== What is required ==
In the copy, include every entry exactly but none of the pictures.

== Information ==
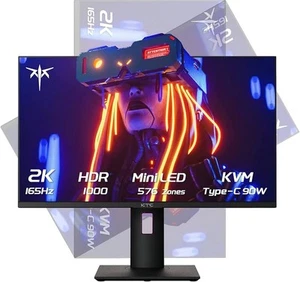 KTC M27T20 Gaming Monitor 27 Zoll MINI LED 1440p 2K 165Hz Monitore HDR 1000 - Photo 1/14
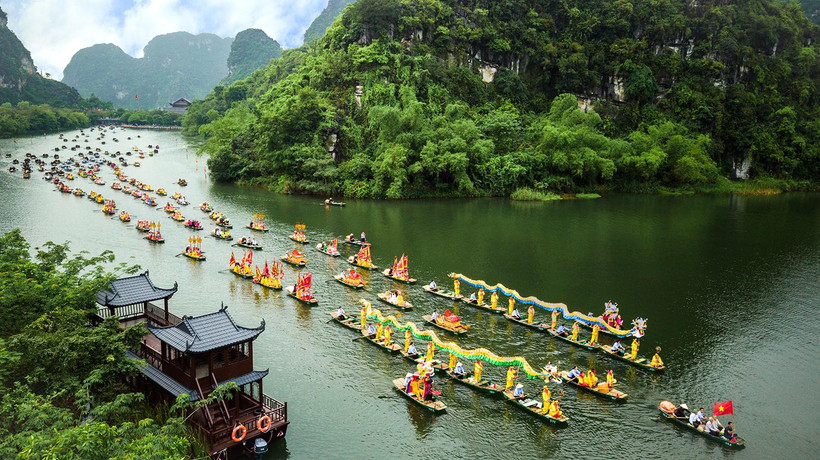 Một góc di sản Tràng An. (Ảnh TRƯỜNG HUY) 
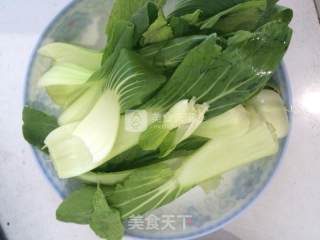 香菇油菜的做法步骤：2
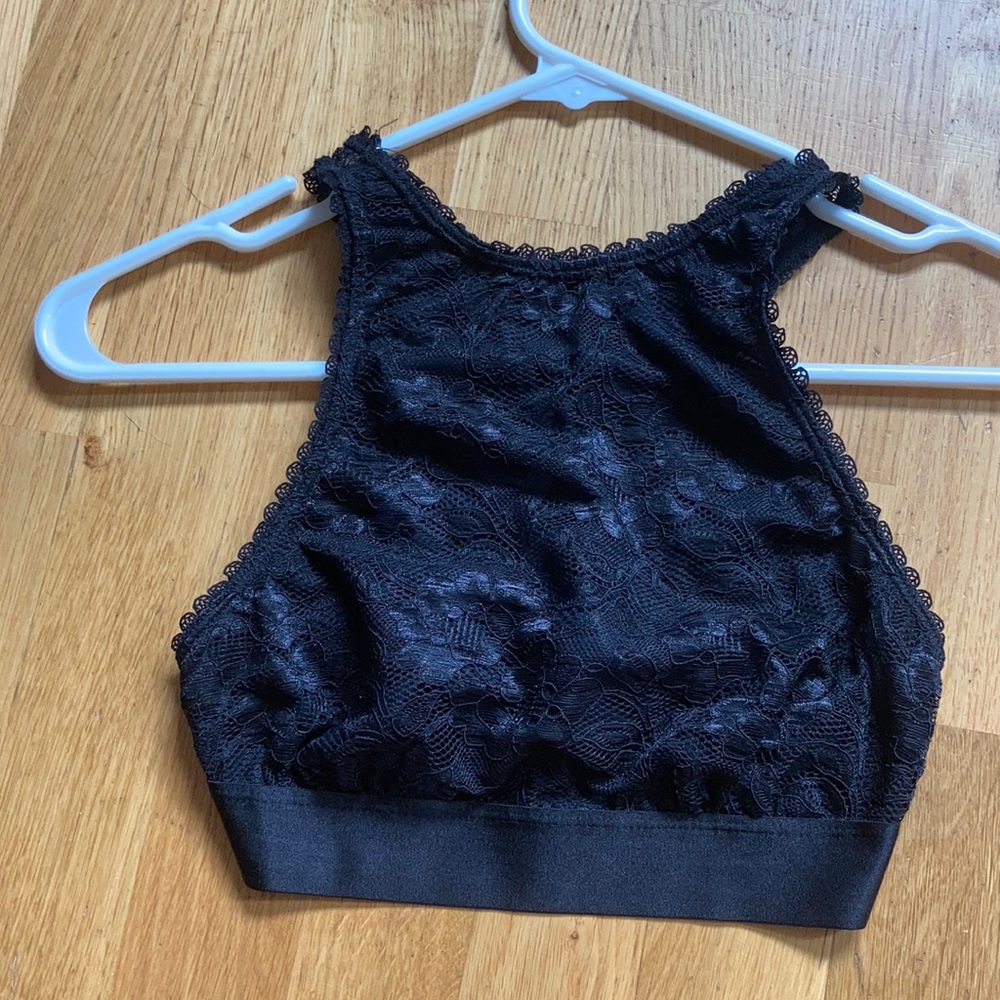 Nanette Lepore Black Lace Bralette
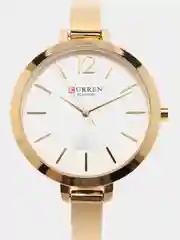 Серебряный женские наручные часы Curren 9012 в подарочной упаковке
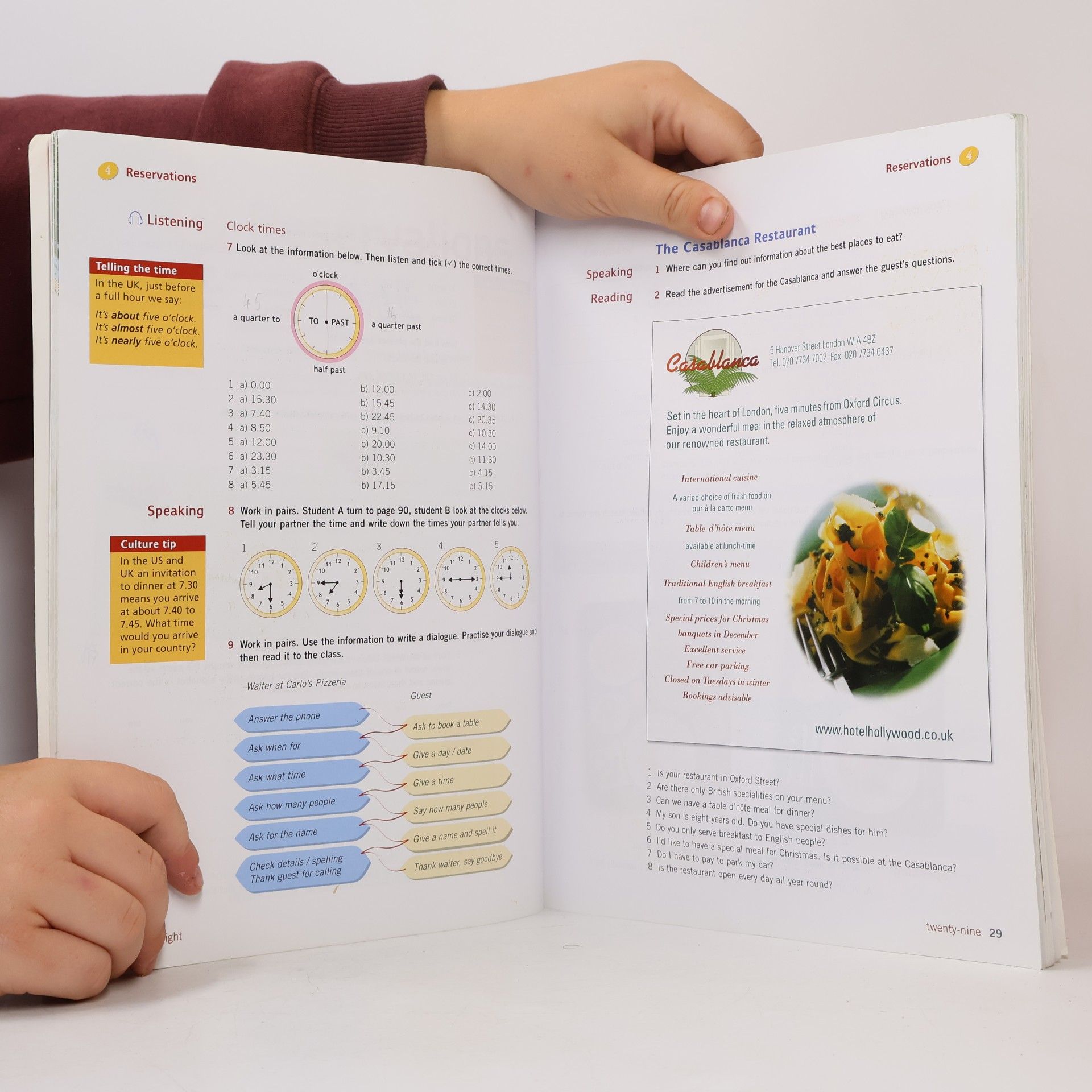 Montserrat Iglesias Santos Ready To Order :Elementary English for theRestaurant Industry. Students' book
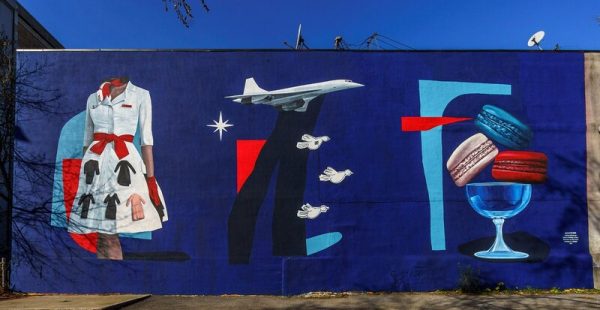 
Pour souligner les 90 ans de la compagnie tricolore créée en 1933, Air France a inauguré à Montréal la murale Alfa Foxtrot r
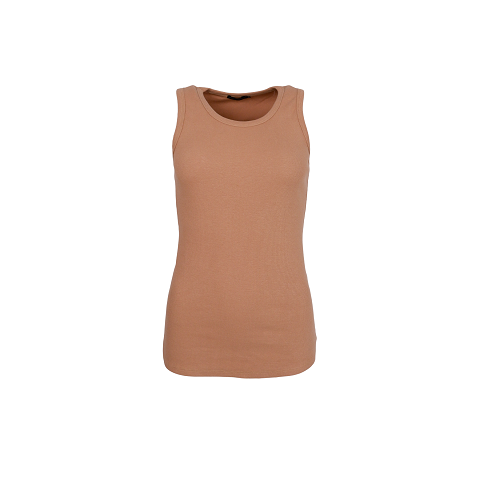 Ribbad tank top FRAPPE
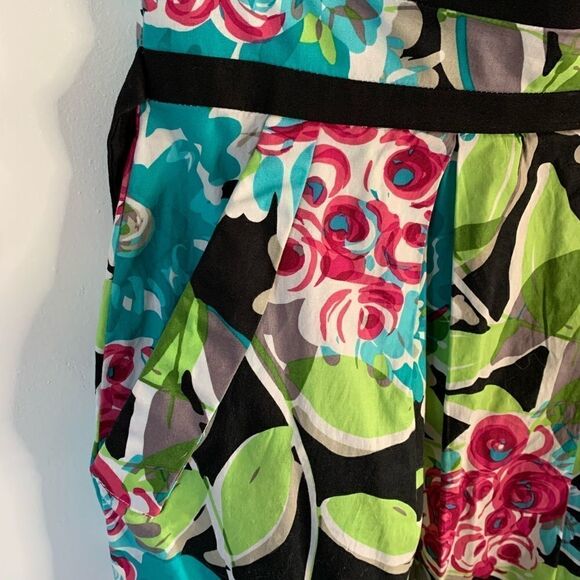 teeze Me Strapless Floral Mini Dress Size 5 - Picture 5 of 7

== Answer ==
 KTC M27T20 Gaming Monitor 27 Zoll MINI LED 1440p 2K 165Hz Monitore HDR 1000 - Photo 1/14
 Một góc di sản Tràng An. (Ảnh TRƯỜNG HUY) 
 香菇油菜的做法步骤：2
 Nanette Lepore Black Lace Bralette
 Серебряный женские наручные часы Curren 9012 в подарочной упаковке
 Montserrat Iglesias Santos Ready To Order :Elementary English for theRestaurant Industry. Students' book
Pour souligner les 90 ans de la compagnie tricolore créée en 1933, Air France a inauguré à Montréal la murale Alfa Foxtrot r
 Ribbad tank top FRAPPE
 teeze Me Strapless Floral Mini Dress Size 5 - Picture 5 of 7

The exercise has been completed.